Decoding Coral Gene Regulation: Tensor Decomposition and Elastic Nets Meet Marine Epigenetics

Coral reefs are among the most biodiverse ecosystems on the planet, and they are under siege. Rising ocean temperatures and other environmental stressors are reshaping coral communities in real time. But how exactly do corals respond to these changes at the molecular level? And can those responses be passed to future generations?

These are the questions driving the E5 Coral Project, a collaborative effort to predict the phenotypic and eco-evolutionary consequences of environmental-energetic-epigenetic linkages in reef-building corals. This week at the eScience Institute, we presented two computational approaches — developed through the eScience Incubator Program — that are giving us new ways to make sense of complex, multi-species molecular data. You can check out the slidedeck here.

Why Standard Tools Fall Short

If you work in genomics, you are probably familiar with tools like DESeq2 and edgeR for differential gene expression analysis. These are workhorses of the field, but they are built for pairwise comparisons: treatment vs. control, timepoint A vs. timepoint B. Our coral data has a richer structure — expression measured across multiple genes, multiple species, and multiple samples over time — that these tools cannot natively capture.

We needed methods that could discover coordinated expression patterns spanning all three of those dimensions simultaneously.
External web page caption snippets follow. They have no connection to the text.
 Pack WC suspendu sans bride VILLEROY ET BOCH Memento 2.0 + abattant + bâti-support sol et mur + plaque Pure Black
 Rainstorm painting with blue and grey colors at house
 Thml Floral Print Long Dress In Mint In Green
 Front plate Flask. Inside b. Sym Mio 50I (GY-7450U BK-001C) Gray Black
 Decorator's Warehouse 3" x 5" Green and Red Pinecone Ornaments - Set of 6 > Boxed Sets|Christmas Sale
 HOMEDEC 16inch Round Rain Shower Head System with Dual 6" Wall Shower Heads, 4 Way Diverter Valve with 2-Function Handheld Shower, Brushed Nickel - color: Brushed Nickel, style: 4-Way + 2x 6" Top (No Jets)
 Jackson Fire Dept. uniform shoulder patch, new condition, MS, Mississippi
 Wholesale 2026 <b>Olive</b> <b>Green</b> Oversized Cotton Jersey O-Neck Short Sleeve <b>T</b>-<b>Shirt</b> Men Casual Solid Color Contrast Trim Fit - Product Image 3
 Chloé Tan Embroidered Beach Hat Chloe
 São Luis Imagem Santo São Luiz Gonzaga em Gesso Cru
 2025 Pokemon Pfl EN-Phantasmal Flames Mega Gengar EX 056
Barnacle: Sparse Tensor Decomposition for Multi-Species Expression

Enter Barnacle, a sparse tensor decomposition tool originally developed for marine metatranscriptomics. The idea is elegant: instead of flattening your data into a two-dimensional matrix, you represent it as a 3D tensor (Gene x Taxon x Sample) and decompose it into a small number of sparse components. Each component captures a distinct co-expression program — a group of genes that behave similarly across species and conditions.
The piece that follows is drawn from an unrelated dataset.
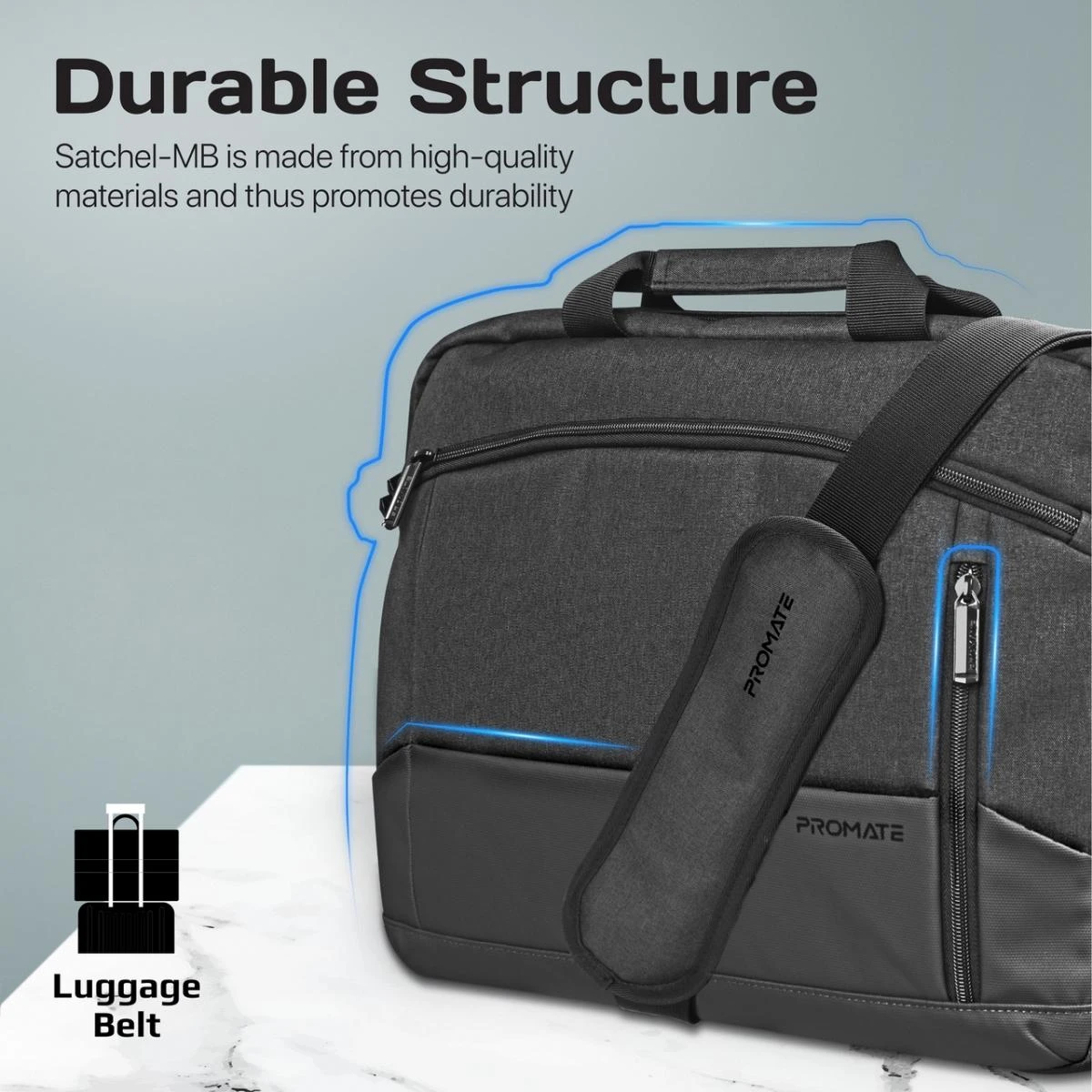 Promate Satchel-MB 15.6" Ergonomic Lightweight Messenger Bag w/ Large Compartments Front Pocket Secure Zippers & Water-Resistance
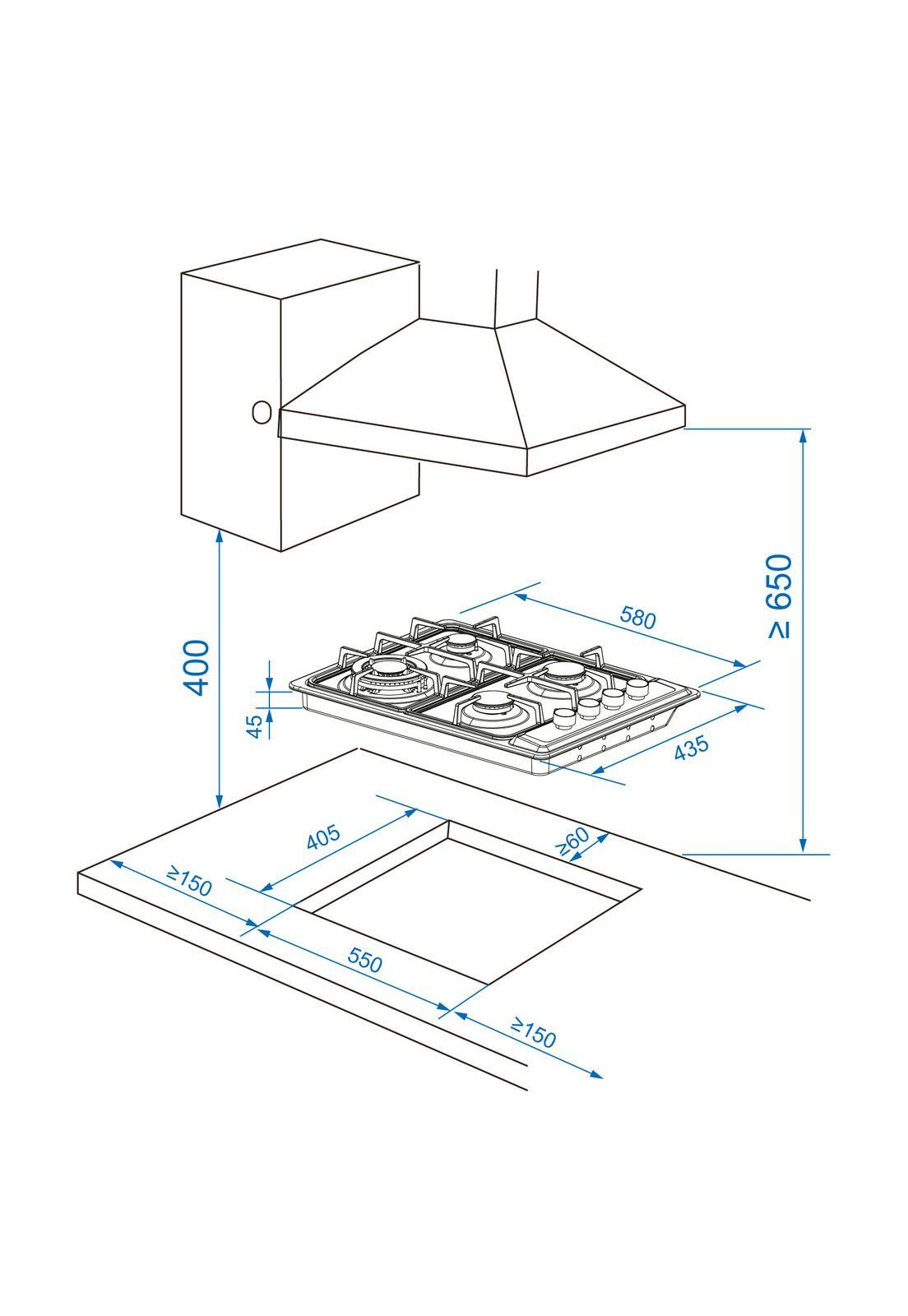  Encimera a Gas Gröner Inox XS 4Q-4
The critical tuning decisions are:

How many components (rank)? Too few and you miss real signals; too many and you start fitting noise. We use a cross-validation strategy — fit on half the data, test reconstruction on the held-back half — to find the sweet spot.
How sparse? Sparsity controls which genes are assigned to each component. We use split-half reproducibility: if both halves of a random split identify the same core genes for a component, the sparsity threshold is keeping real members.

Applied to our E5 coral timeseries data, Barnacle revealed biologically meaningful components. One component, for example, aligned closely with known calcification genes — a result that would be difficult to extract from traditional pairwise analyses.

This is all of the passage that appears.